A review by goosemixtapes
Alex As Well by Alyssa Brugman

2.0

(2022 monthly goals: whichever book has been on my TBR longest)

i mean, it's... fine? it's a book. i'm not sure i'll remember it in a month. some thoughts:

>this is one of those books with a very promising premise and opening (fourteen-year-old alex has been raised as a boy and identifies as a girl; she doesn't know she's intersex & that the pills her parents make her take are testosterone supplements) that then... doesn't really do much with that premise and opening. this book isn't REALLY about alex learning she's intersex and what that means. it's about alex buying clothes and reinventing herself as a girl and having fights with her parents, who are horrible. and there's nothing WRONG with those things happening, but the book doesn't really have a... how you say... plot. also, this book could have been longer than 200 pages. the ending in particular wraps up way too fast.

>i can't speak to the intersex rep, but some of this Did hit from a trans perspective (i would consider alex trans as well as intersex since she doesn't identify with her assigned gender). some people in the reviews have expressed frustration with the idea of Girl Alex and Boy Alex as two minds in one body, but i actually liked that narrative device; i didn't see it as a literal thing but a way for alex to process her experience and the feeling of being in-between. (i'm biased because during my questioning era i had a similar framing device in my brain, but hey, that proves it happens.)

>that said. some of it did Not hit. hey, what the fuck is up with that first chapter where Girl Alex tries on clothes and then Boy Alex jacks off in them? why are we furthering the idea that trans women are trans because they're sexually attracted to themselves in feminine clothing? and what about that scene where alex makes moves on her friend, who has claimed to be straight, including trapping her in place to lick her ear? i mean, yeah, it's done jokingly, but it's also kind of creepy, and while i think trans characters should be flawed just like anyone else, writing a lesbian trans girl who keeps pushily hitting on her straight cis friends is. um. it's bad, man! i'm not gonna pretend it's not bad! there seems to be a drive on brugman's part to draw a line between Girl Alex, who is normal, and Boy Alex, who is a boy and therefore gross, and it feels weirdly bioessentialist (in terms of "boys are impulsive and always thinking about sex and hitting on people") for a book that literally purports to be about a character who doesn't fit into essentialist gender roles. (more reviews that touch on this here, here, and here)

>there are some off-color comments that made me wince. calling the brazilian and black girls alex meets "exotic," for one thing, or saying that clapping her hands very quickly to calm down makes her "look autistic." also lots of referring to her mother as insane/a psychopath, which, okay, alex's mother is a monster, but i don't love the idea of pathologizing that. sometimes people are abusive and transphobic without being mentally ill.

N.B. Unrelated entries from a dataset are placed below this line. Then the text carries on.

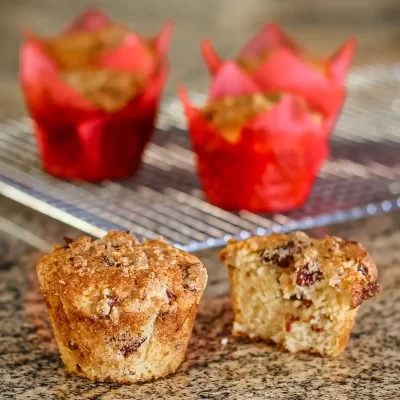 Fresh baked muffins with crumb topping and chocolate chips on a granite countertop.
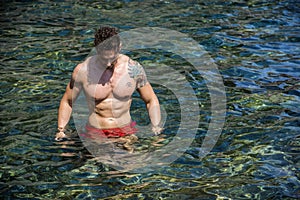 Handsome young bodybuilder and swimmer in the sea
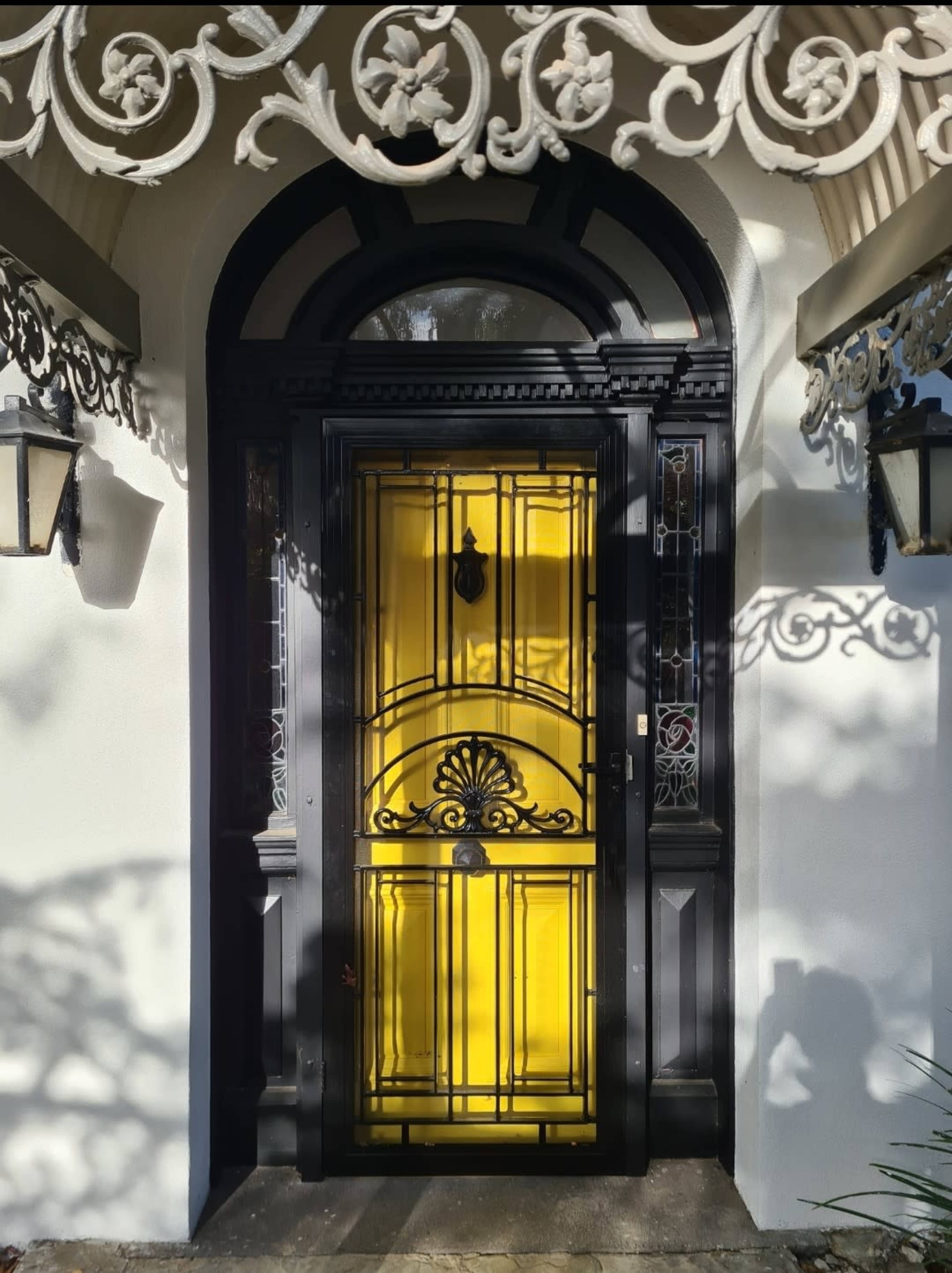 A black and yellow ornate front door framed by intricate white decorative elements and two lanterns on either side.
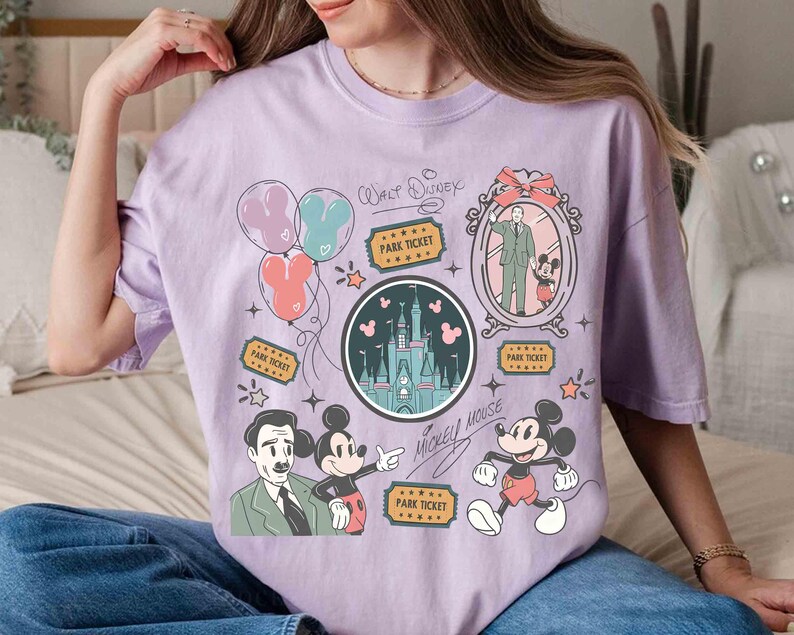 Peut inclure: Un t-shirt lilas avec un motif de dessin anim&eacute; repr&eacute;sentant Mickey Mouse, Walt Disney et un ch&acirc;teau. Le t-shirt comprend des illustrations de ballons, de billets de parc et d'&eacute;toiles. Les mots "Walt Disney" et "Mickey Mouse" sont &eacute;galement imprim&eacute;s.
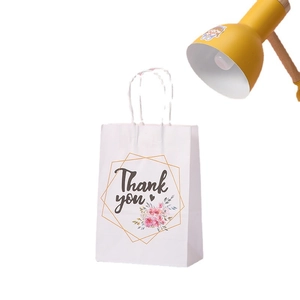 White kraft paper gift bag with Thank You floral design and white rope handles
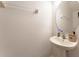 Clean and simple bathroom with pedestal sink and oval mirror at 5237 Oakbourne Ave, Davenport, FL 33837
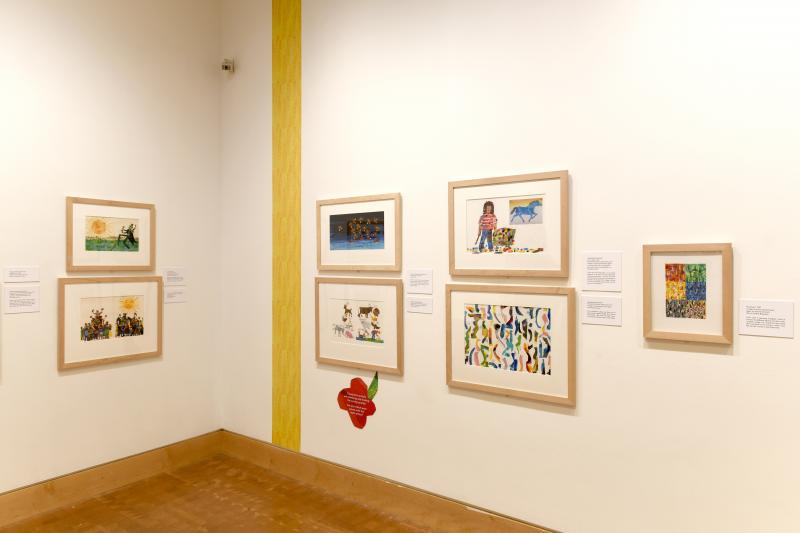 Installation image showing walls with framed art.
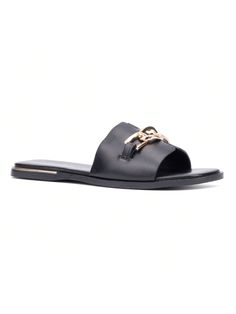 a women's black slider sandal with gold chains on the front and side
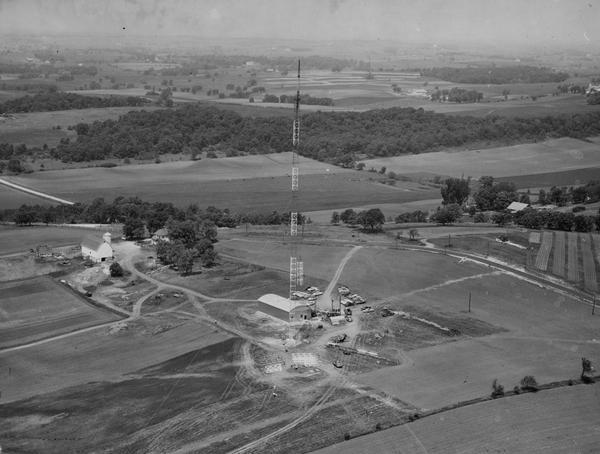 Aerial view of the new Madison television facility, WISC-TV (Channel 3), showing the transmitting tower in construction.  The location is to the southwest, several miles outside the Madison limits, in the area south of the Beltline Highway. (12-14), and west of Verona Road (Highways 18-151).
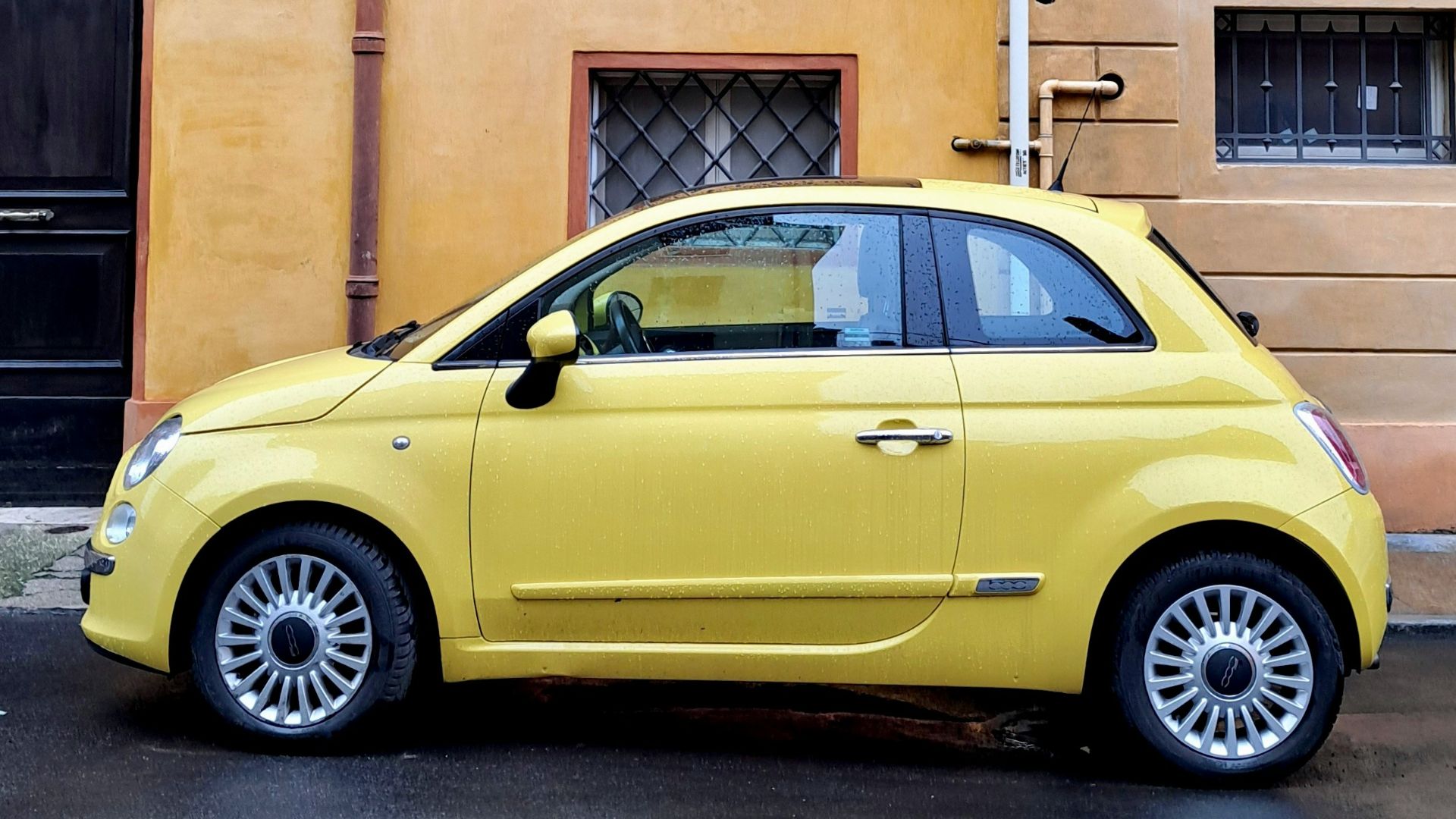A yellow fiat 500 parked on a wet street.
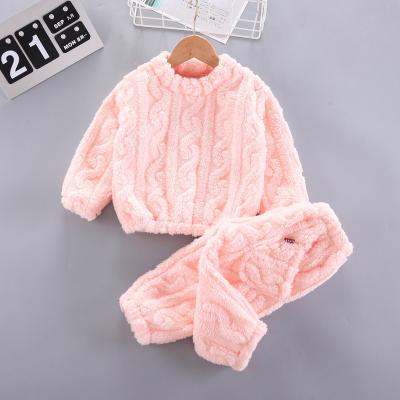 China QUICK DRY children's winter coral pile thickened pajamas set flannel loose main jacquard home warm clothing wholesale for sale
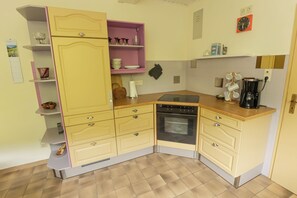 A compact kitchen with a dishwasher, oven, and a coffee maker.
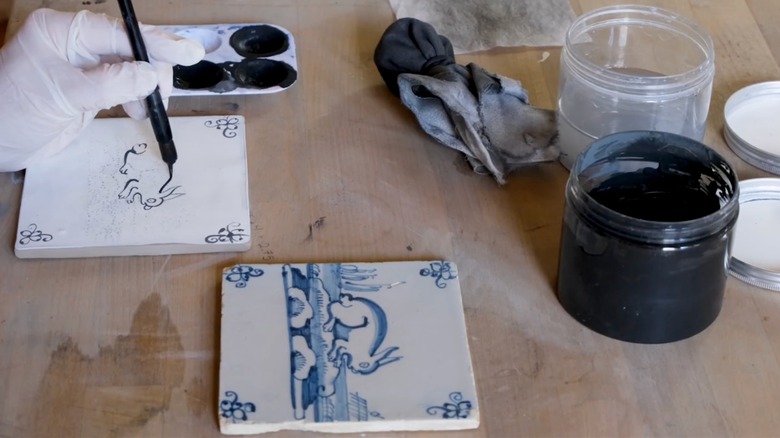 artist painting delft tile
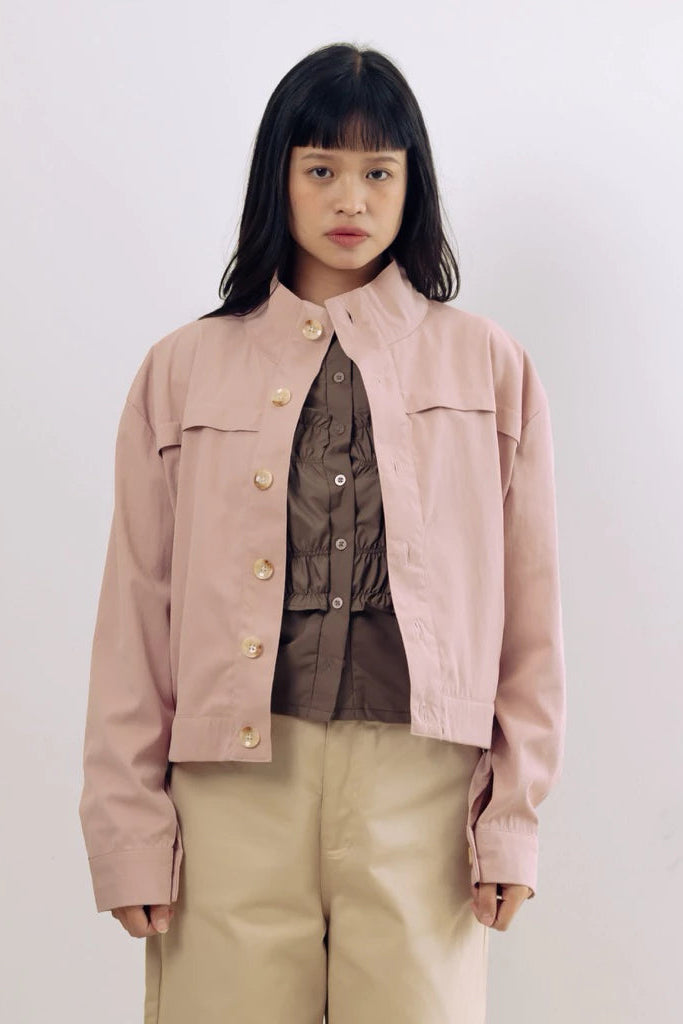 Person wearing a light pink jacket by notyourcompany over a brown shirt with beige pants on a white background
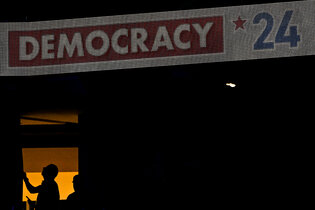 A digital board reads "Democracy 24."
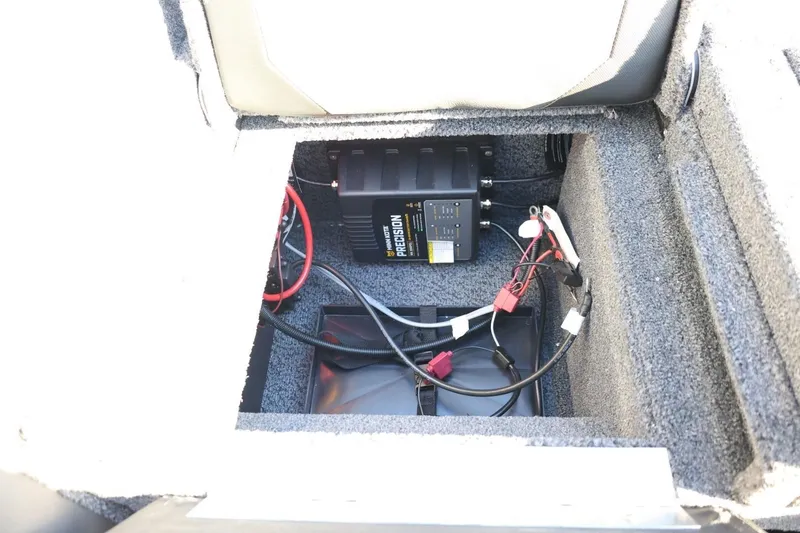 Slide: The Image of 2026 Lund 1875 Crossover XS battery compartment with wiring and charger. - 44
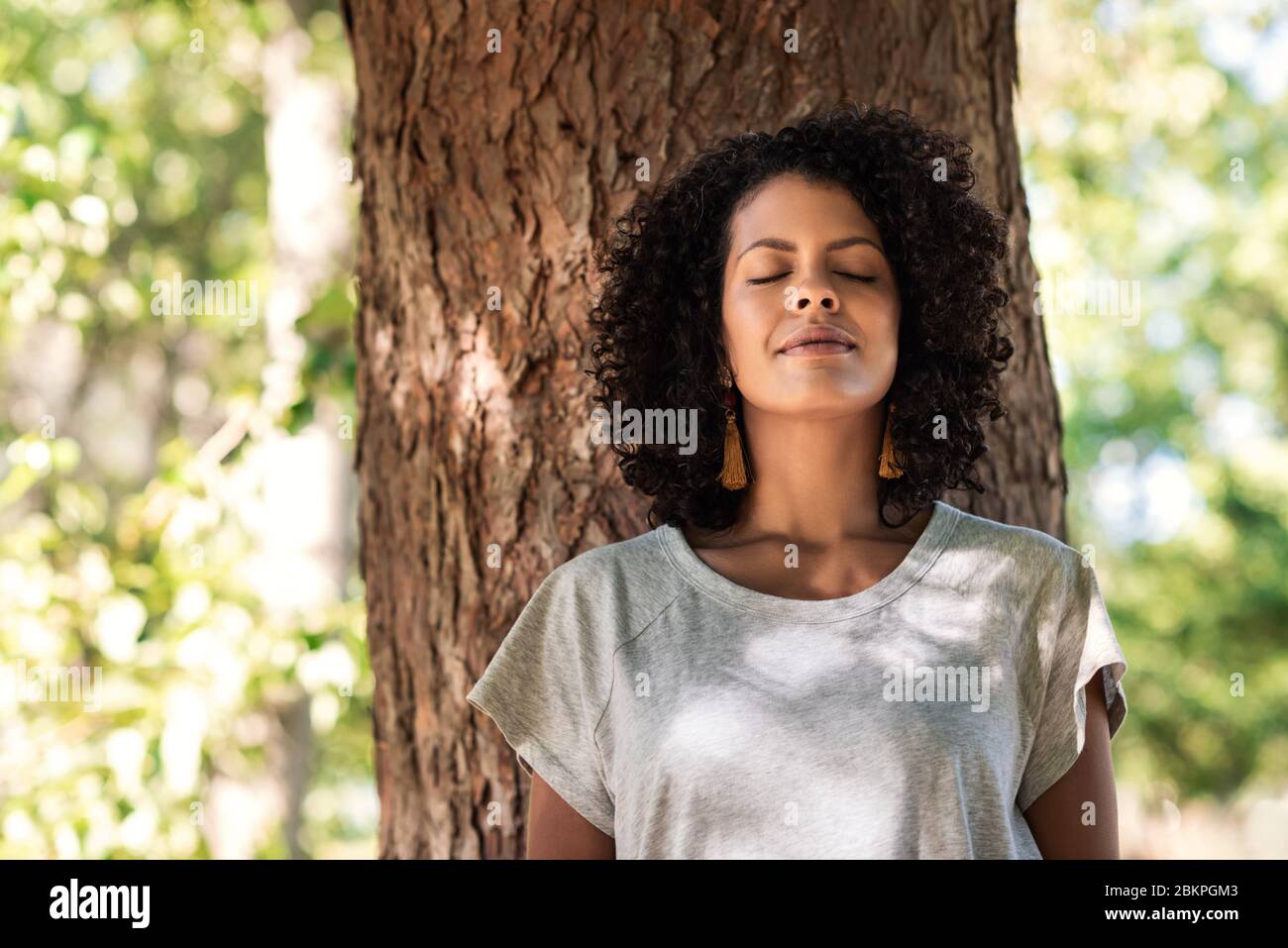 Donna pacifica appoggiata su un albero con gli occhi chiusi Foto Stock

>alex's narrative voice often feels pretty young for fourteen. sometimes that makes it more effective, because it reminds you that this is a kid who has to deal with emotional and sometimes physical abuse from her parents along with ostracization at her former school. but also, she keeps calling her penis her "noodle," which . come on

i enjoyed this book while reading it, but stepping back to look at it from a more critical angle makes it just sort of fall apart. there isn't much substance to it; again, i'm not sure how well i'll remember it in a month.